━━━ Task input
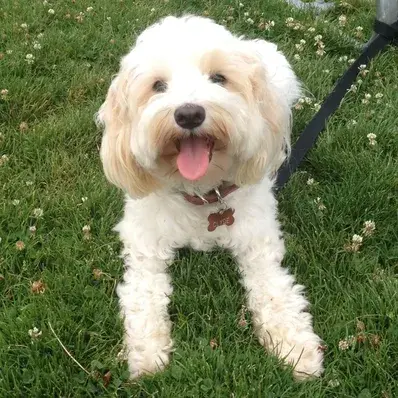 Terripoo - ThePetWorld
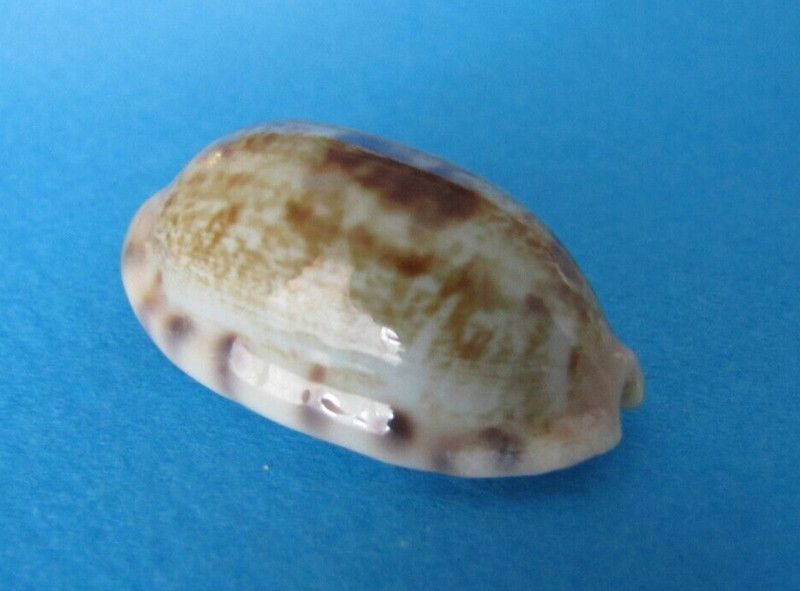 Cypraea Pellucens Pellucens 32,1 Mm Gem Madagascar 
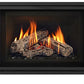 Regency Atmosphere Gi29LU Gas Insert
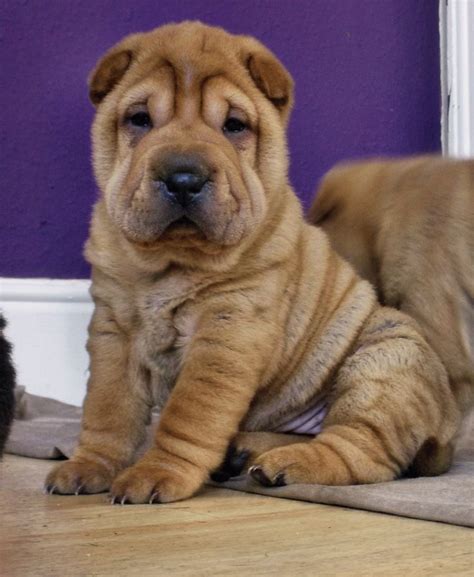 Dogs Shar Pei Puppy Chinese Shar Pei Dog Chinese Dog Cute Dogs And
━━━━━━
━━━ Task input
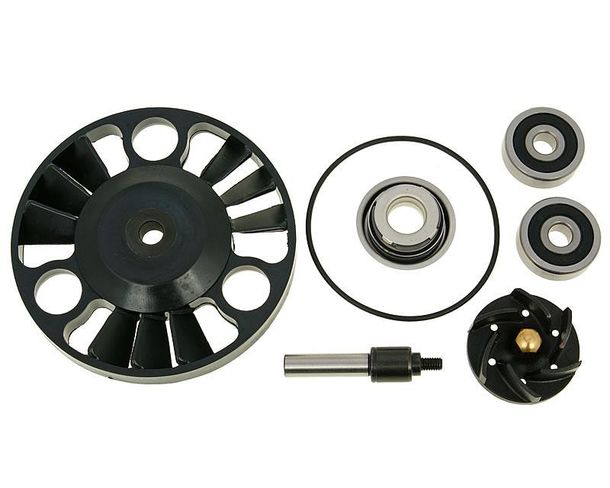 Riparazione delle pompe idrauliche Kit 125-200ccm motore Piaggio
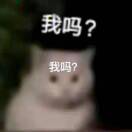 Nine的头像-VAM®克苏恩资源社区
━━━━━━
◆ Task brief ◆
Reproduce exactly the lines above starting at the line containing "Terripoo - ThePetWorld" and ending at the line containing "Dogs Shar Pei", including both, but not the pictures.

◆ Result below ◆
 Terripoo - ThePetWorld
 Cypraea Pellucens Pellucens 32,1 Mm Gem Madagascar 
 Regency Atmosphere Gi29LU Gas Insert
 Dogs Shar Pei Puppy Chinese Shar Pei Dog Chinese Dog Cute Dogs And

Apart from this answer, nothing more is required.